← Back to team overview

dhis2-devs team mailing list archive

Re: [Dhis2-users] 25 hours in completing Analytic

 

Neeraj,

Thanks for that, it is useful info.

The instance has a very skewed balance between data elements/catcombos and
indicators, but what else is new - outside of South Africa, most countries
have the same: they collect a huge number or data elements but turn very
few of them into indicators (SA collect very very few data elements that
are NOT part of any indicator).
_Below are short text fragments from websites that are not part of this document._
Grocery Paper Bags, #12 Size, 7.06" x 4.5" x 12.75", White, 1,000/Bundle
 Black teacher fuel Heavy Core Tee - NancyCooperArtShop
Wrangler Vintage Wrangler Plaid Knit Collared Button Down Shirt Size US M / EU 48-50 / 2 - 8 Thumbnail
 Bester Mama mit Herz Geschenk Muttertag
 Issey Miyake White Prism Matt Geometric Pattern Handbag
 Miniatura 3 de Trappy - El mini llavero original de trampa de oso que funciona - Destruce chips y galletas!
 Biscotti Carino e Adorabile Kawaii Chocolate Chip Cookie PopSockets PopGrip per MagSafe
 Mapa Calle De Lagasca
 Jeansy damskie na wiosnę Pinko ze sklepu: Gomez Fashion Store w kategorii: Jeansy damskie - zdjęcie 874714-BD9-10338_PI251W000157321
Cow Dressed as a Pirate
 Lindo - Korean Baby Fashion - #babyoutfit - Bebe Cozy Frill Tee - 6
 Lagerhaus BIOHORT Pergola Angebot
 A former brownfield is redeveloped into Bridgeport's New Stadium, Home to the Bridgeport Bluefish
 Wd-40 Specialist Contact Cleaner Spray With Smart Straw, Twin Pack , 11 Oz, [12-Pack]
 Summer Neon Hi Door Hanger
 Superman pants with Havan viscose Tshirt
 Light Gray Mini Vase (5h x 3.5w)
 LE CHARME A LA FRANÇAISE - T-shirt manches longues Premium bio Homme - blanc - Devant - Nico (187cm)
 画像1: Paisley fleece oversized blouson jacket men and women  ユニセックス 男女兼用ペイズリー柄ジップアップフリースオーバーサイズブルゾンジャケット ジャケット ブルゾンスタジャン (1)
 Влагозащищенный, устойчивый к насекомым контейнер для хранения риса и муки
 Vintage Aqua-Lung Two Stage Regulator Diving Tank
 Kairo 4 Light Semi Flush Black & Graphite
But that is a separate discussion.

I would NOT expect the number of data elements & catcombos + the number of
orgunits to have a significant impact on analytics performance, but that
needs to be verified.

I WOULD expect the number of indicators to have a significant impact, so if
you doubled or quadrupled the number of indicators I would expect a
significant impact on analytics time

Using your and my numbers as a baseline, I would envision the following
tests to be revealing:

Baseline system 1: SSD, 4-core CPU: 100 mill values, 400 DEs, 250
indicators, 30,000 OUs, few catcombos -> 1 hour for analytics processing

Baseline system 2: SSD, 12-core CPU: 500 mill values, 3,500 DEs, 15,000
OUs, 25 catcombos -> ~10 hours for analytics processing

Test 1: Using system 1, reduce OUs to 15,000 - run analytics (hypothesis:
no significant difference)
Test 2: Using system 1, reduce indicators to 125 - run analytics, then to 0
- run analytics (hypothesis: analytics reduced to 45 min)
Test 3: Using system 1, increase datavalues from 100mill to 500 mill by
introducing additional attributecombos (easy) - run analytics (hypothesis:
~15 hours for analytics processing, with 4-cores instead of 12-cores)
Test 4: Using system 1, increase datavalues to 1 billion - run analytics
(hypothesis: 35 hours for analytics processing).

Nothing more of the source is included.